INTRODUCTION 1753 I. GOVERNMENT SECRETS 1760 A. Federal Secrets 1761 1. Constitutional Secrecy 1761 2. Statutory Secrecy 1762 3. Executive Secrecy 1763 4. Judicial Secrecy 1764 B. States' Secrets 1766 1. Constitutional Secrecy 1766 2. Statutory Secrecy 1768 3. Executive Secrecy 1769 4. Judicial Secrecy 1770 C. Federal Secrets in the States 1772 II. SECRECY CREEP 1775 A. Methodology 1776 B. Secrecy Creep in the Judicial Branch 1778 1. The Gubernatorial Communications Privilege 1778 2. The Glomar Response 1782 3. The Mosaic Theory 1785 4. Deferring to Government Assertions of Harm 1787 C. Secrecy Creep in the Legislative Branch 1788 D. Secrecy Creep in the Executive Branch 1789 1. Adopting Federal Surveillance Tools 1790 2. Institutional Isomorphism: The Case of the NYPD 1791 E. The Mechanisms of Secrecy Creep 1795 III. THE IMPLICATIONS OF SECRECY CREEP 1798 A. The Benefits of Secrecy Creep 1798 B. The Harms of Secrecy Creep 1800 1. Legal Discordance 1800 a.
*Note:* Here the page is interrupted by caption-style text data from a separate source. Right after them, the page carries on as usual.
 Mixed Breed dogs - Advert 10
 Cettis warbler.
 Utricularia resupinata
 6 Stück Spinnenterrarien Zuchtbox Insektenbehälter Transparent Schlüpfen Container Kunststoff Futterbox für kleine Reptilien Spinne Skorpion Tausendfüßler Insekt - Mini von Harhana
Constitutional Discordance 1800 b. Historical Discordance 1803 c. Policy Discordance 1805 2. Reduced Public Oversight 1806 a. Reduced Checks and Balances 1806 b. Reduced External Oversight 1808 c. Increased Risk of Corruption 1810 d. The Risk of Deep Secrecy 1811 3. Intrasystem Secrecy Creep 1813 4. The "National Security-ization" of Local Law Enforcement 1814 C. Potential Remedies 1816 1. Federal Government 1817 2. State Government 1818 3. Local Government 1820 4. Civil Society 1822 CONCLUSION 1823 INTRODUCTION

In September of 2010, Mark Zuckerberg and Cory Booker appeared on the Oprah Winfrey Show to announce that Zuckerberg was donating $100 million to Newark's public schools. (1) At the time, Booker was serving as mayor of Newark; Zuckerberg, just twenty-six years old, still enjoyed his reputation as Silicon Valley wunderkind. The announcement was met with widespread praise. (2) But before long, their reform efforts had stalled. Six months into the project, Booker had not appointed a new superintendent or drafted a comprehensive plan for education overhaul. Two years later, Booker's administration had spent one-fifth of the donation--$20 million--on consulting fees alone. (3)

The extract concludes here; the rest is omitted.